Young people getting married are in the throws love. You need to have been married for a long time to understand what marriage is. If you sign a prenup, you are signing away rights that will become very important to you in future years. And this is the single most valuable contact you will likely ever sign.
9. They encourage money manipulation and greed over sharing, openness and generosity.
Prenups define “separate property” as the property you get to keep and control during your marriage. People with prenups tend to manipulate their property during the marriage by adding to their “separate property”. By “protecting yourself” (the ostensible reason for the prenup) you have succeeded in leading to a dysfunctional marriage which is now more likely to fail.
10. People get prenups because they don’t understand that “the law” is the fairest way to come to a divorce settlement
Divorce law is there for a reason. There are as many different marriages as there are people. Divorce law is the way people are able to handle all these various factual differences and come to a fair result. And since divorce laws in states have been interpreted by court cases, in 99% of the time, a case settles without litigation. Trust the law to be fair. Prenups are inherently unfair.
So what to do if your fiancé drops the bomb on you and says, “We need a prenuptial agreement,” before you get married?
1. Educate your future spouse.
Understand that your spouse is probably simply deluded by the media reports and bad advice from friends and colleagues. Give your future spouse this article and my other articles posted on the internet to read. Go with him/her to a lawyer who can explain the rules of marriage, divorce, and inheritance to both of you. Don’t give up any rights without understanding what they are and how they might play out in a marriage of 30 years that ends in death or divorce. This information will be eye opening and demonstrate the unfairness of the prenup
2. Have a mediated prenup if you must have one.
A neutral mediator can guide you through the process by encouraging open communication. He or she can help you find a fair and reasonable coming together of aims face-to-face, not through dueling attorneys. The process will be under your control. With a good mediator, a party will feel free to say he or she doesn’t want a prenup, and that thought should and will be fully explored in the mediation.
3. Make the prenup as least restrictive as possible.

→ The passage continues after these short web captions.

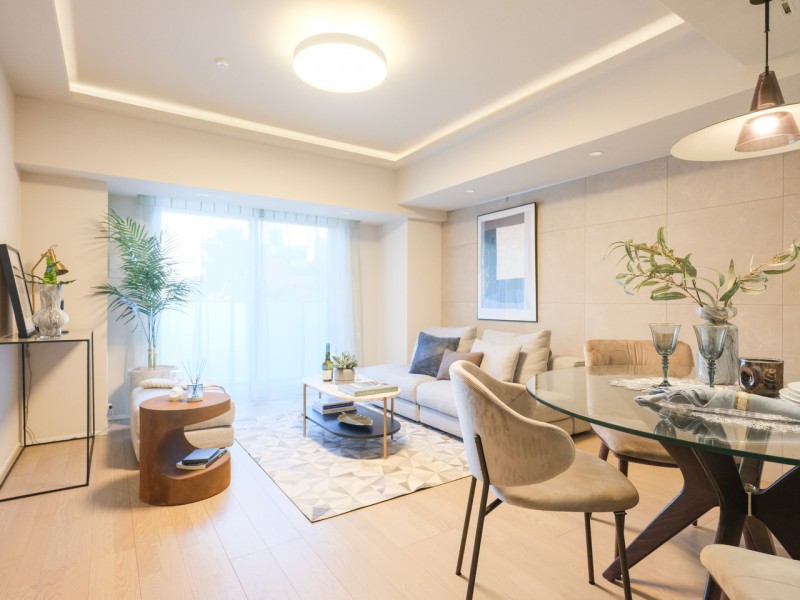 居心地の良いリビングダイニングはシンプルで洗練された佇まいを感じさせるお部屋です。都市生活のやすらぎを深める、快適な暮らしが叶う住まいです。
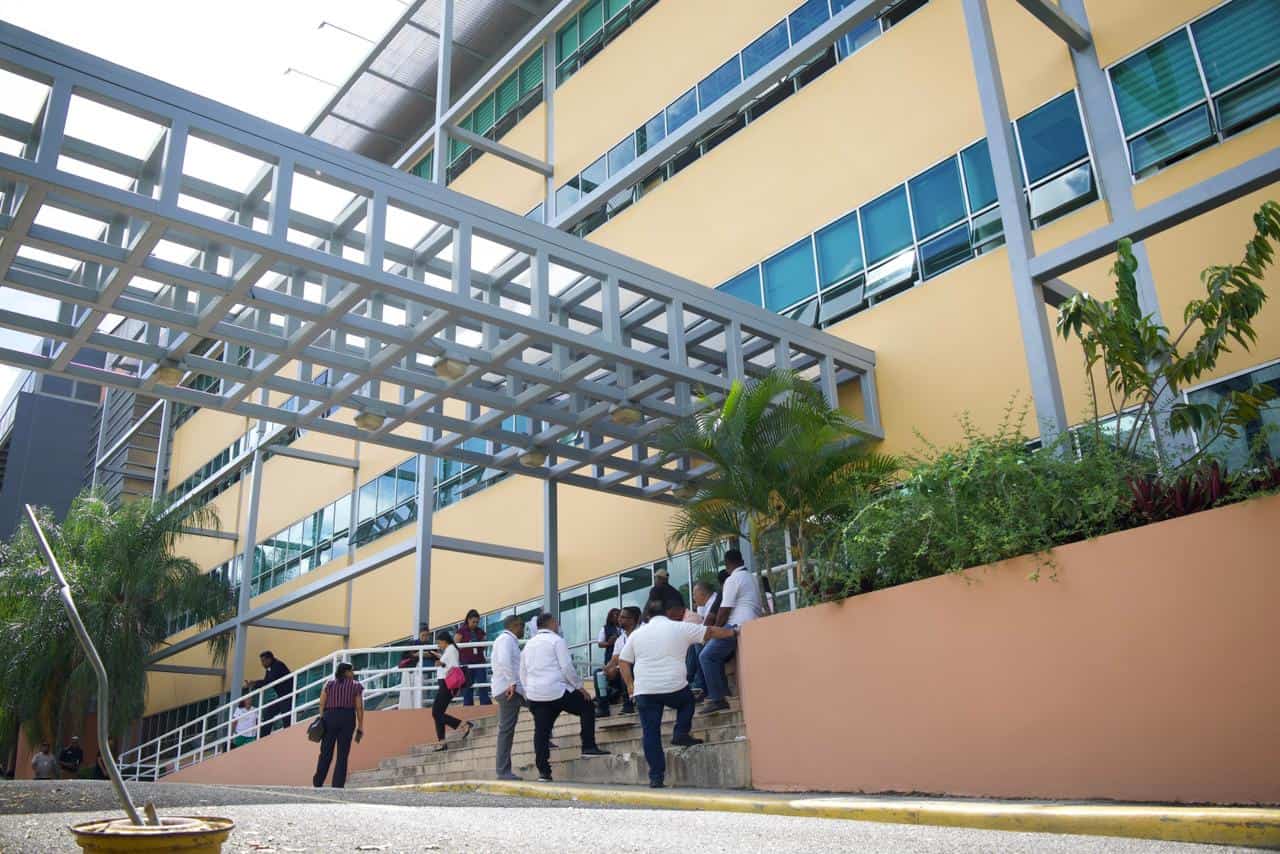 Conato de incendio en instalaciones del Ministerio de Turismo.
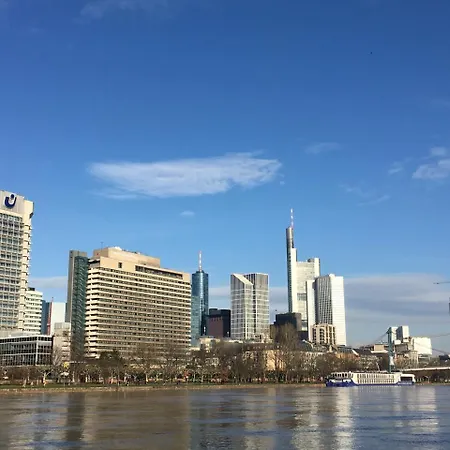 Select Ms Charles Dickens - Frankfurt Båthotell Frankfurt am Main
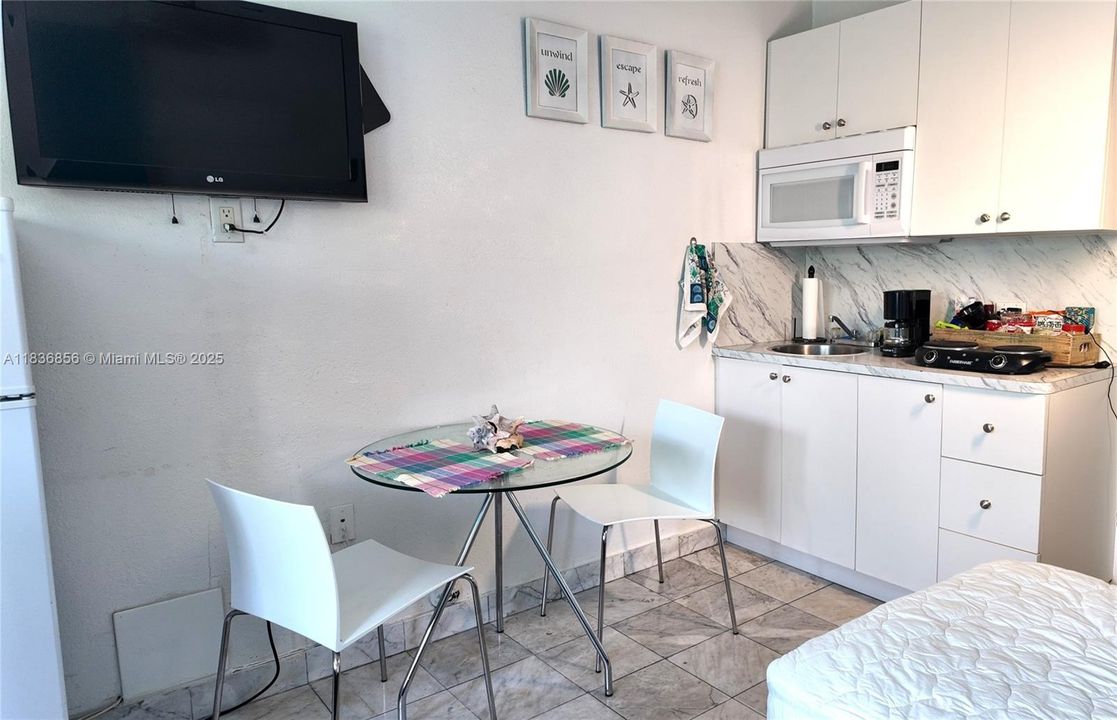 待售: $180,000 (0 贝兹, 1 浴室, 282 平方英尺)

Selfishness kills a marriage. Generosity makes it thrive. Your mediator can help you make the prenup less restrictive. They can sketch out an area of financial joint venture in the marriage. If you are working with attorneys, don’t assume they will think about doing this without your asking them. Most attorneys unthinkingly use a standard scorched-earth version agreement.
Conclusion: So don’t swallow the Kool-Aid and think that prenups are the best thing for your upcoming marriage since sliced bread. In spite of the recent media blitz on prenups, it’s not true. There is no better way to destroy your marriage before it’s even started than to have a prenup. If you choose to be married, do it fairly and generously. Trust in the tradition of marriage as a sharing of everything, including finances. Trust in the law to treat both of you fairly should you decide to end your marriage.